I shoot a ruger M77 .308 and love it. It has never let me down. Personally, I hold dead middle of the chest, behind the shoulder on any deer under 300 yds with 165 gr bullets. Dead deer. Over that distance I tend to hold off for a closer shot, but have hit 4 inch bulls at over 400 on the range. It's a great caliber. Brand name and style is up to you. Good luck and Happy Hunting.


----------



## rasmusse (Oct 24, 2006)

You may want to look at a Tikka rifle in .308 too.


----------



## NDTerminator (Aug 20, 2003)

308 is an excellent choice for an all purpose medium game round. As for the rifle, that is very subjective.

Savages are accurate & fairly inexpensive, but are about as pleasing to the eye as a 2x4, and handle about as well. I've seen & shot Savages that had such a sharp edge on the top of the plastic stock (no they aren't "synthetic") that it had to be sanded off so it didn't cut the cheek...

Ruger M77s look good and are well built & thought out, but I never owned one from which I could get better than mediocre accuracy. I understand that the Hawkeye M77 is an improvement, but it sure isn't worth the cost of a new rifle for me to find out. I've also had poor customer service experiences with Ruger.

As far as I'm concerned, save a bit and get either a Tikka or Remington 700. I have a safe full of superb 700's as well as a few Tikkas. 700's are the gold standard against which all others are judged, every Tikka I've ever owned shot MOA or better and had a 3-3.5 pound excellent trigger out of the box...

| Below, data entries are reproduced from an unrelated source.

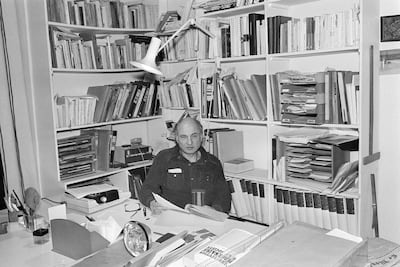 Edgar Morin en 1975 en París. Foto: Georges Pavunic.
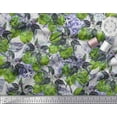 thumbnail image 2 of Soimoi Cotton Duck Fabric Leaves & Lemon Vegetable Print Fabric by Yard 42 Inch Wide, 2 of 3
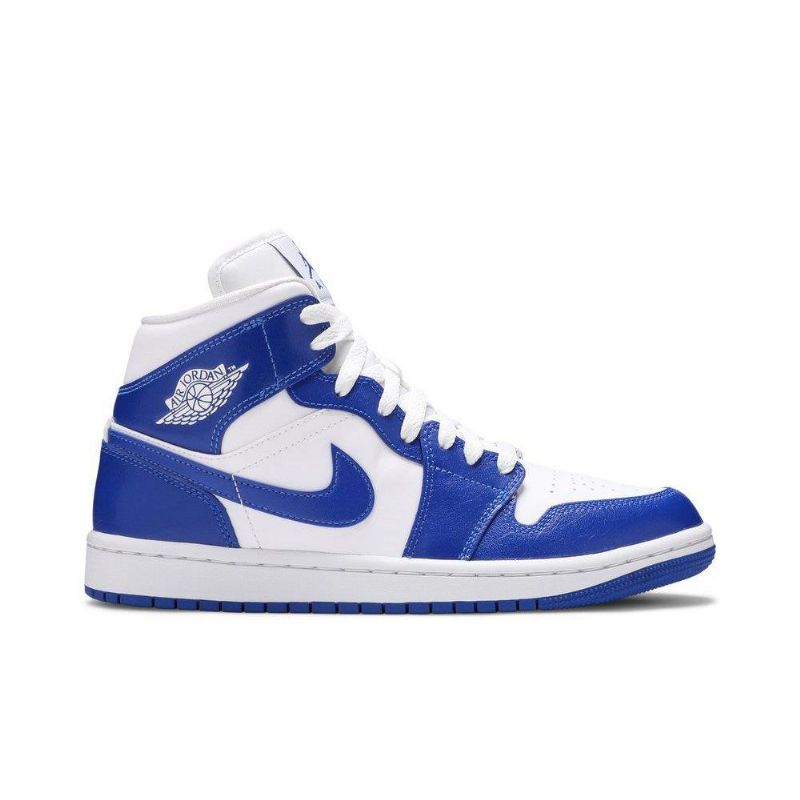 Air Jordan 1 Közép Fehér Kék Női Cipő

I have a Weatherby Accu Mark in 257 Weatherby that is very accurate, but with a $1600 price tag cannot consistently print tighter groups than most of my Remington 700's that didn't cost half as much.

My Remington 700 308 work rifle will shoot ragged one hole groups at 100 yards as long as I care to lay behind and send rounds downrange...


----------



## Ambush Hunter (Jun 29, 2009)

First of all, what is your budget? Second of all, to get the most consistency/accuracy, and if you are serious about it, you'll have to test variety of MATCH ammunition, and this ammo is not exactly cheap. So one thing leads to another. If you just want to punch paper and hunt deer, then I suppose it doesn't matter.
On a budget, Savage is a great option so is Remington and Howa. Tikka and Sako, definitely yes. To step up, Whetherby, AI, and custom made guns. Third, and again, if you are serious about it, a good glass is just as important - Leupold, Nikon, etc. That adds to an overall price tag. 
Remember that success on the field consists of three things: good hardware (rifle/scope/ammo combination), knowledge, and skills. Have to have all three... if you are serious about it 

Good luck.


----------



## bigbuck144 (Sep 9, 2007)

Thanks guys for the advice. Sorry I have'nt replied as soon as I would have liked too. Been pretty busy. As for price range I will save as much as I need for any period of time... and I'm pretty sure that my dad will help out... I have heard nothing but good things from whetherby's and savage I've just never shotten them... thanks again! rex :beer:


----------



## Bernie P. (Sep 25, 2008)

I shoot Ruger's myself but the Savage is a good value.As other said the basic versions aren't pretty but the Classic is another story.The new Winchester model 70's are very nice to.


----------